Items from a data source
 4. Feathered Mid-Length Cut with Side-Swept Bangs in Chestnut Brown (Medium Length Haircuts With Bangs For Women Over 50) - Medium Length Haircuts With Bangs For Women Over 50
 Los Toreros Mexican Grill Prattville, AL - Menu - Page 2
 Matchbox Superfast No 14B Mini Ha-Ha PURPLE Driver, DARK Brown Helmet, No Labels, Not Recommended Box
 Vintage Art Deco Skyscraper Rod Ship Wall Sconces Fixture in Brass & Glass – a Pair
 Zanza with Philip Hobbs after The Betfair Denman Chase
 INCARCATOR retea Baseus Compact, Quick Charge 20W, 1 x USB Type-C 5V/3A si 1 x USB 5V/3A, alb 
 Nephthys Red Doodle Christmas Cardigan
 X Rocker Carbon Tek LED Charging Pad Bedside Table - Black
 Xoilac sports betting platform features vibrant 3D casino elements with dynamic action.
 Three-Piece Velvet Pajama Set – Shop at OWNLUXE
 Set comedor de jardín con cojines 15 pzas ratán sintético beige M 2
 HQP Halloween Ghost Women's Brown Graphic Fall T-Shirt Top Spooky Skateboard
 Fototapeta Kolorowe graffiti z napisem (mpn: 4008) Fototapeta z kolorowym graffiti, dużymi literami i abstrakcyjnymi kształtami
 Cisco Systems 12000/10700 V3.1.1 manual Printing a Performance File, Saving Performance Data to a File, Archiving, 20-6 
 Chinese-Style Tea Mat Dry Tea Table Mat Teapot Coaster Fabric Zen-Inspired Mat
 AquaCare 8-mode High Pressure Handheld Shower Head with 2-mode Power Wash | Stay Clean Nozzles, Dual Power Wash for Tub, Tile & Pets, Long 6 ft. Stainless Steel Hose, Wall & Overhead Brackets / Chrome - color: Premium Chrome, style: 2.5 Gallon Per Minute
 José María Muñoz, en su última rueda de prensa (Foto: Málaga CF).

● Activity: Reproduce the data in full. Nothing in it may be altered.

● Output for this task:
 4. Feathered Mid-Length Cut with Side-Swept Bangs in Chestnut Brown (Medium Length Haircuts With Bangs For Women Over 50) - Medium Length Haircuts With Bangs For Women Over 50
 Los Toreros Mexican Grill Prattville, AL - Menu - Page 2
 Matchbox Superfast No 14B Mini Ha-Ha PURPLE Driver, DARK Brown Helmet, No Labels, Not Recommended Box
 Vintage Art Deco Skyscraper Rod Ship Wall Sconces Fixture in Brass & Glass – a Pair
 Zanza with Philip Hobbs after The Betfair Denman Chase
 INCARCATOR retea Baseus Compact, Quick Charge 20W, 1 x USB Type-C 5V/3A si 1 x USB 5V/3A, alb 
 Nephthys Red Doodle Christmas Cardigan
 X Rocker Carbon Tek LED Charging Pad Bedside Table - Black
 Xoilac sports betting platform features vibrant 3D casino elements with dynamic action.
 Three-Piece Velvet Pajama Set – Shop at OWNLUXE
 Set comedor de jardín con cojines 15 pzas ratán sintético beige M 2
 HQP Halloween Ghost Women's Brown Graphic Fall T-Shirt Top Spooky Skateboard
 Fototapeta Kolorowe graffiti z napisem (mpn: 4008) Fototapeta z kolorowym graffiti, dużymi literami i abstrakcyjnymi kształtami
 Cisco Systems 12000/10700 V3.1.1 manual Printing a Performance File, Saving Performance Data to a File, Archiving, 20-6 
 Chinese-Style Tea Mat Dry Tea Table Mat Teapot Coaster Fabric Zen-Inspired Mat
 AquaCare 8-mode High Pressure Handheld Shower Head with 2-mode Power Wash | Stay Clean Nozzles, Dual Power Wash for Tub, Tile & Pets, Long 6 ft. Stainless Steel Hose, Wall & Overhead Brackets / Chrome - color: Premium Chrome, style: 2.5 Gallon Per Minute
 José María Muñoz, en su última rueda de prensa (Foto: Málaga CF).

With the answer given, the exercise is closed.